I mention the chocolate cross because it made me think of something else regarding the Christ-follower’s relationship to Easter.
Or more accurately, to Resurrection Sunday.
It seems that a lot—perhaps too many—of us Christians in America have a “been-there, done-that, got the tee-shirt.” At some point in our lives, we went forward, understood Jesus saved them from our sins, prayed the prayer, and moved forward with our lives.
We identify as Christians, often boldly so. We go to church on Sundays, tithe regularly, read the Bible sometimes, pray regularly, and “do for the least of these.”
Please don’t get me wrong: those are extremely important spiritual disciplines.
But often I feel like our passion—our fire—is missing.
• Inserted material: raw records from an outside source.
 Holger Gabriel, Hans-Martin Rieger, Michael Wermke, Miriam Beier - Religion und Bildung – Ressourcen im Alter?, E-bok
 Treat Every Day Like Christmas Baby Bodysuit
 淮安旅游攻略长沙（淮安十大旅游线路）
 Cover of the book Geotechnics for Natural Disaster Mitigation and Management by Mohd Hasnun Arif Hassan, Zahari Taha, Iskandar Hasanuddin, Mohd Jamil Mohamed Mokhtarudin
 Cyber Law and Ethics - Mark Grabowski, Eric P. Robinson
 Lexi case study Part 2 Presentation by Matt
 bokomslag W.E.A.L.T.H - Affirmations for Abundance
Do we really get excited about the Gospel did for us?
In a couple of weeks, while the rest of the world is celebrating Spring by mythical bunnies hiding colored eggs (and atheists think Christianity doesn’t make sense?!) and eating large portions of ham and scalloped potatoes, followers of Jesus will recognize the cross and resurrection of the Savior.
We prepare for it:
Invite family—check. Prepare our dinner—check. Don our Easter best—check. Go to church to give Jesus a “Yay, Jesus” for raising from the dead—check. Eat dinner—check.
Go to work on Monday.
But do we really get excited about Easter? Do we truly celebrate it? Does the anticipation light a fire in us—now, not just on Easter Sunday? Do we truly understand what Jesus did for us on that rugged cross? Or the power behind the empty tomb?
Or is it like the chocolate cross, where we acknowledge it, consume it, and move on with our lives?
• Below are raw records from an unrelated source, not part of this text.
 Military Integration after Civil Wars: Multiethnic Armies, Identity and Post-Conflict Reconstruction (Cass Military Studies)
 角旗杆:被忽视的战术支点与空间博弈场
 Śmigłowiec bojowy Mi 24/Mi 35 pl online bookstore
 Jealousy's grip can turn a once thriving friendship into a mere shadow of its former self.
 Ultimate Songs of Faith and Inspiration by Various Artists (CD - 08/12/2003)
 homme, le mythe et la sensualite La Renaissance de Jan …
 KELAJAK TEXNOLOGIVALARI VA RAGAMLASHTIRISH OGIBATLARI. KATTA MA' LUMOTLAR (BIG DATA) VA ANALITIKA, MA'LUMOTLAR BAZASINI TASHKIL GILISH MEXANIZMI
Think about what those words “it is finished” mean. For the universe, for all the earth, for you and me.
When we read of the death of Jesus, we blow right over an obscure, yet very relevant detail:
At that moment the curtain of the temple was torn in two from top to bottom. The earth shook, the rocks split and the tombs broke open. The bodies of many holy people who had died were raised to life. (Matthew 27:51-52)
Have you ever considered this? Upon the death of Jesus, the curtain in the temple, separating the whole world from God was torn in two.
The curtain mentioned separated the Most Holy Place from the rest on the world. Inside the Most Holy Place was the room that held the Ark of the Covenant. In this room was the presence of God in his holiness. Only one person—the high priest—was allowed into the Most Holy Place only once a year during Yom Kippur, the Day of Atonement, to sprinkle blood onto the altar.
The priest’s ritual was extremely rigid. A rope would be tied around the priest’s waist, because if he failed to follow the precise instructions, he would fall dead. If the rope slackened, others would have to pull out the body because no one else could go in to retrieve it.
Keep in mind, this rigidity wasn’t about God waiting for someone to screw up so he could zap them.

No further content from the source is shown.